-------- DATASET RECORDS

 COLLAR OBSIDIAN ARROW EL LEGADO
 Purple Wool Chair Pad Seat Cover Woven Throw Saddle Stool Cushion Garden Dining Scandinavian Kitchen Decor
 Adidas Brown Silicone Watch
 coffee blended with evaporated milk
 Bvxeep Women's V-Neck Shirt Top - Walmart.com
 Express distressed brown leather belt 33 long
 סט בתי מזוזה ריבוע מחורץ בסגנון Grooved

----------------
-------- DATASET RECORDS

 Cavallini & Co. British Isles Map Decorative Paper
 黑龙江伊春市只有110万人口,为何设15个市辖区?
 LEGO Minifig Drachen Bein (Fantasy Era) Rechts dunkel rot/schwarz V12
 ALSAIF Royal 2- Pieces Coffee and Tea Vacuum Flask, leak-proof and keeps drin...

----------------
-------- DATASET RECORDS

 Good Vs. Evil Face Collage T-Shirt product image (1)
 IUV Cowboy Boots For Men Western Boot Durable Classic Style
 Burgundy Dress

----------------

* PROBLEM DESCRIPTION
Could you write out, exactly as they stand, only the lines above that begin at the line with "COLLAR OBSIDIAN ARROW EL LEGADO" and stop after the line with "סט בתי מזוזה ריבוע מחורץ בסגנון Grooved"?

* SOLUTION BELOW
 COLLAR OBSIDIAN ARROW EL LEGADO
 Purple Wool Chair Pad Seat Cover Woven Throw Saddle Stool Cushion Garden Dining Scandinavian Kitchen Decor
 Adidas Brown Silicone Watch
 coffee blended with evaporated milk
 Bvxeep Women's V-Neck Shirt Top - Walmart.com
 Express distressed brown leather belt 33 long
 סט בתי מזוזה ריבוע מחורץ בסגנון Grooved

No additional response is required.